_Work instruction_. Restate, exactly as written, the entries below from the line that holds "Лолита Винтаж Готика" through the line that holds "Skies are Blue". Pictures are not part of the copy.

_Source information_.

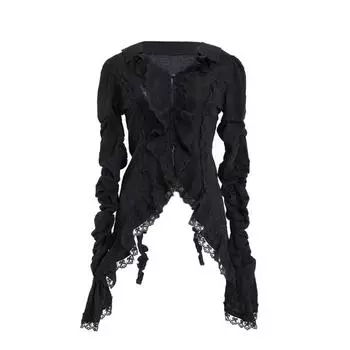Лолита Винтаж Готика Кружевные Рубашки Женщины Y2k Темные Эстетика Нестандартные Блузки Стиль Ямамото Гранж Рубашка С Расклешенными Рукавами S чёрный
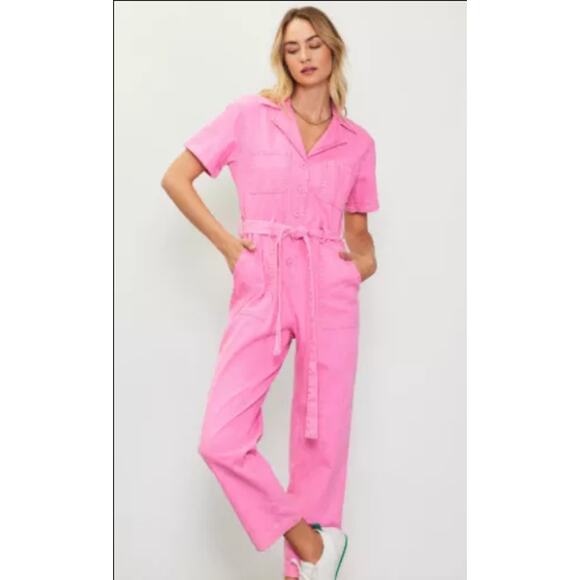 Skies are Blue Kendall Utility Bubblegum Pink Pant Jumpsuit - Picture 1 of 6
==
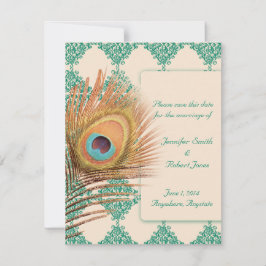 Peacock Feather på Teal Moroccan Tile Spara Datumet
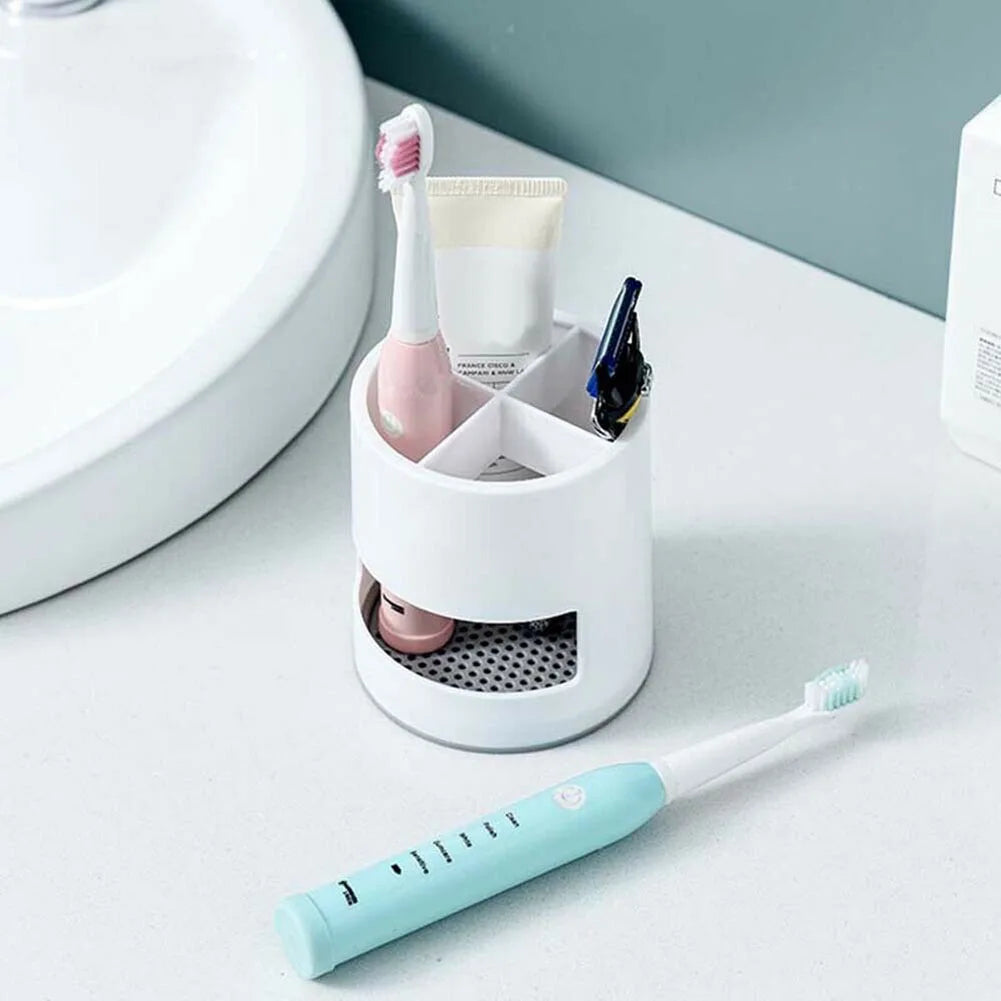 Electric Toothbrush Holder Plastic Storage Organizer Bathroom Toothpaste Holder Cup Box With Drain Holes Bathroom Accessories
==
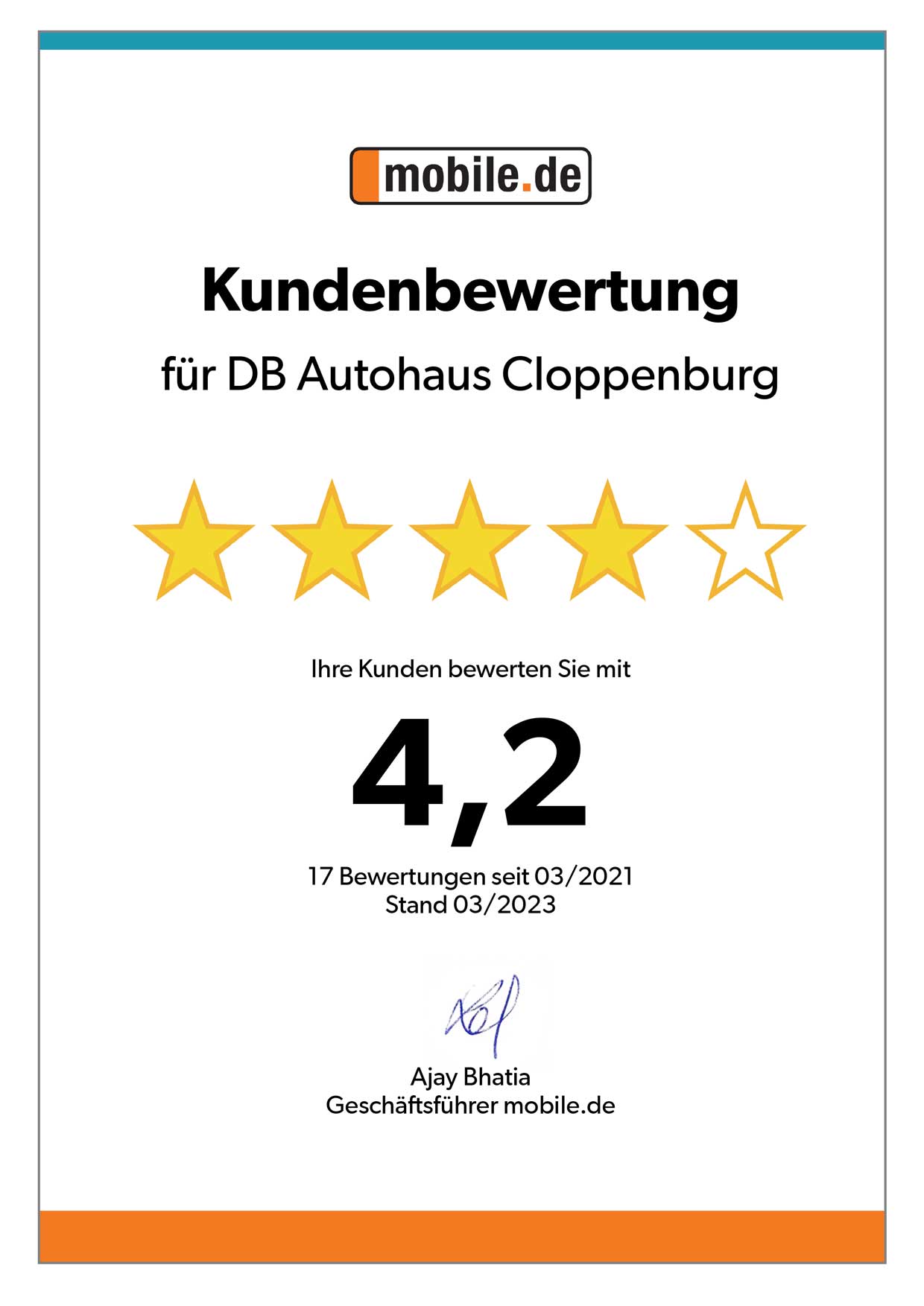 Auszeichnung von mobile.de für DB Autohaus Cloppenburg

_Output for this task_.
Лолита Винтаж Готика Кружевные Рубашки Женщины Y2k Темные Эстетика Нестандартные Блузки Стиль Ямамото Гранж Рубашка С Расклешенными Рукавами S чёрный
 Skies are Blue Kendall Utility Bubblegum Pink Pant Jumpsuit - Picture 1 of 6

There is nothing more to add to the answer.